After two years working in a Mercedes dealership's marketing department in Jinhua, a medium-sized city in Zhejiang province south of Shanghai, 22-year-old Haiyao (who didn't want to give her name) decided to resign. "Most of the employees were much older than me and nobody seemed particularly motivated," she said. But when it came to leaving her job, she didn't choose discretion.
She invited friends to a restaurant to celebrate the decision. On a large red banner, slogans were written in yellow Chinese characters: "The lovely young lady is no longer going to work; no need to feel down! Embrace the resignation; the future will be cooler." She herself ordered the banner in yellow on a red background, reminiscent of the country's propaganda posters, with their political slogans put up in the streets, or their calls to work harder, hung up on factory walls.
Haiyao immediately posted photos of the event on Xiaohongshu (literally "little red book"), the social media platform for young urbanites, often compared to Instagram. This was the platform where she found her inspiration. Hundreds of young people stage their resignations, playfully subverting the norms of companies that celebrate model employees. This is their way of rejecting the work culture of their parents' generation.
Former employees of large companies
Amidst slowing Chinese growth, stagnant wages, and an uncertain future, young individuals in China question the rationale behind overexerting themselves at work.

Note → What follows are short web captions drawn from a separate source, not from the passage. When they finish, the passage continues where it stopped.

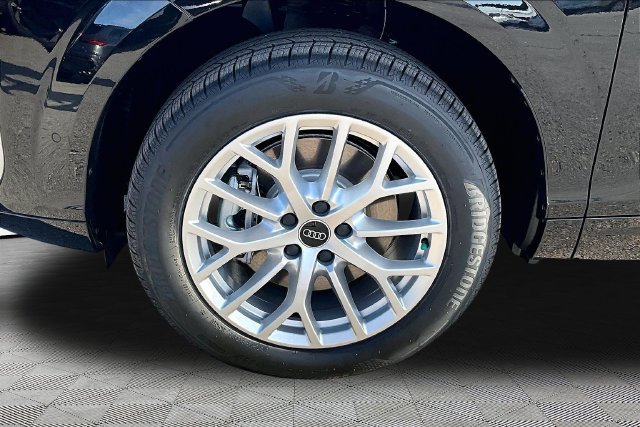 New 2026 Audi Q3 quattro 2.0T AWD/4WD image 8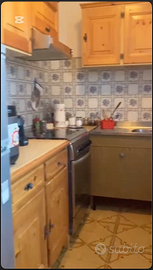 Mobili cucina e pensile sovra lavabo bagno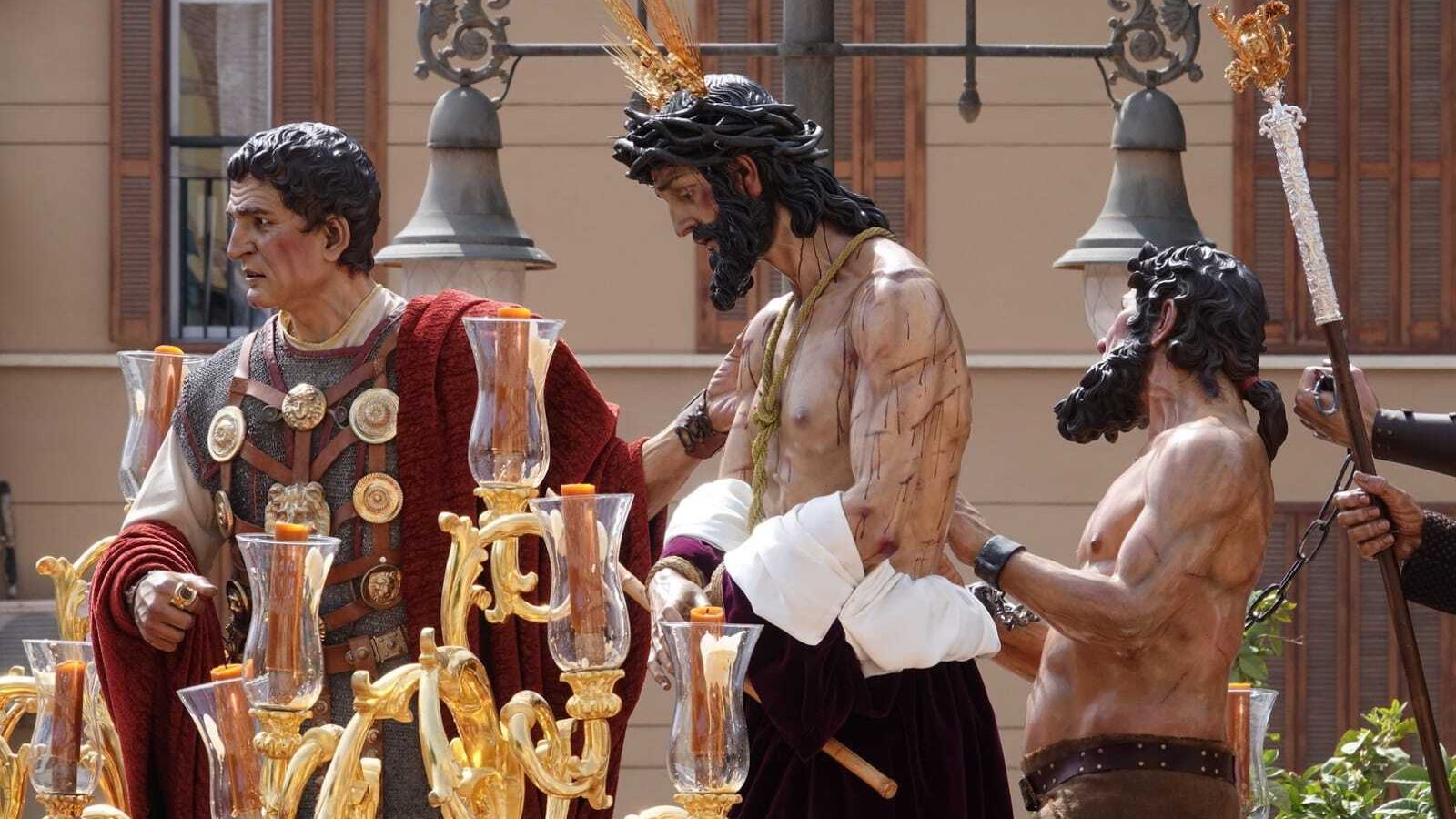 Túnica granate del Señor de la Humildad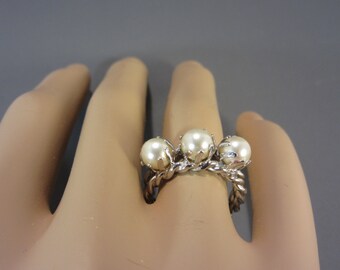 Vintage Jewelry Signed Sarah Coventry GB Faux Pearl Ring Minimalist Jewellery Elegant Ring Vintage Gold Pearl Ring Designer Ring
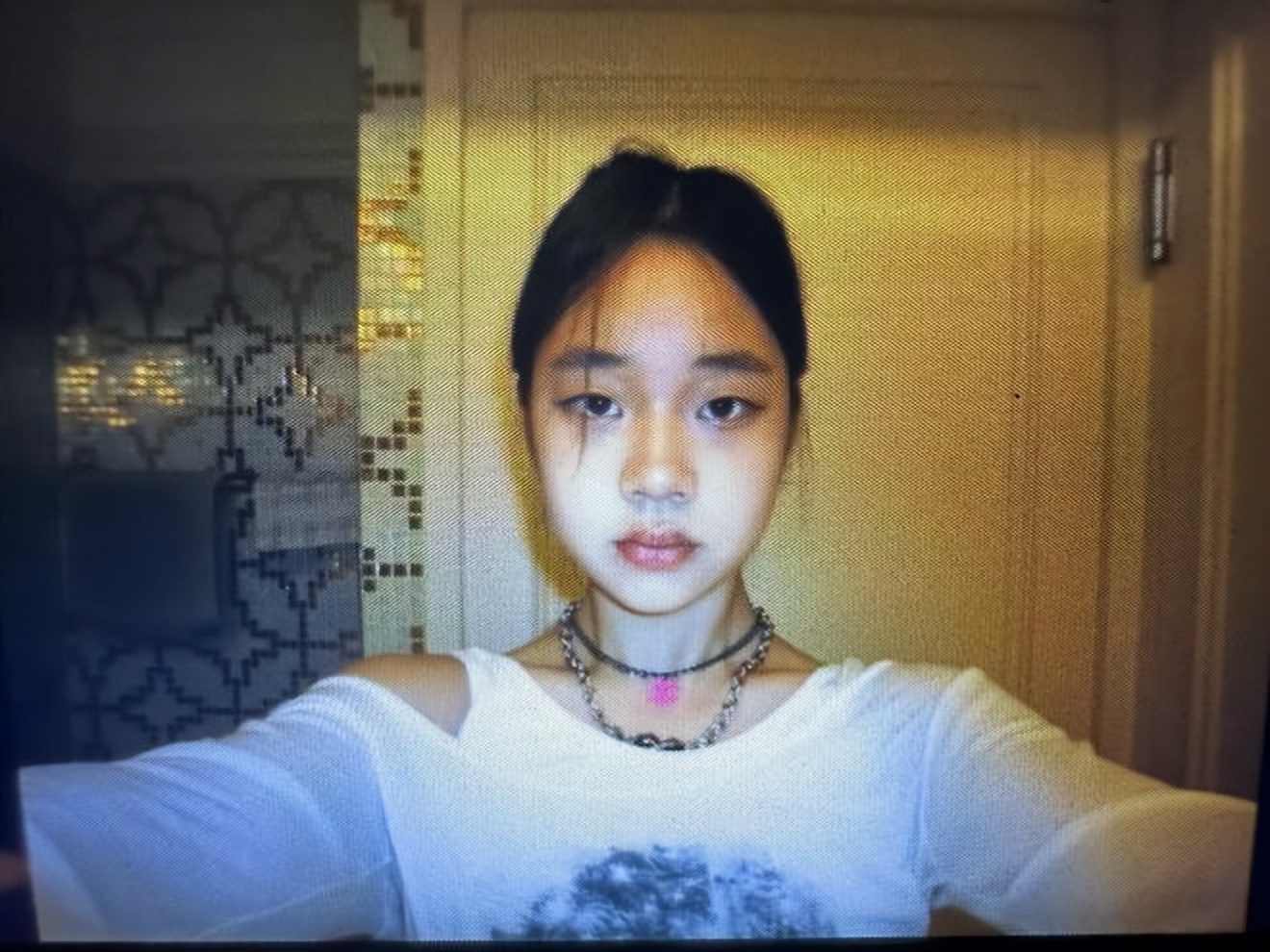 小S的第3個女兒發自拍照，14歲就很漂亮，外形完成驚艷蛻變 -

While the country is far from experiencing a wave of mass resignations, the phenomenon has caught the attention of the Haidilao restaurant chain, which now offers the services of its employees to sing a "happy resignation" to diners, much like they do on birthdays.
Many of the individuals resigning and sharing their accounts on Xiaohongshu are former employees of major tech corporations, such as online retail giant Alibaba, telecoms leader Huawei and TikTok owner Bytedance. All of these companies are renowned for their intense work culture. In 2019, a movement had already surfaced within these large corporations to denounce "996" working hours: In the office from 9 am to 9 pm, six days a week.
It was a way of questioning the sacrifices imposed by their leaders, at a time when the economy was showing signs of running out of steam and opportunities to get rich quickly were shrinking. The health crisis and an extensive campaign to regulate tech companies have exacerbated this feeling.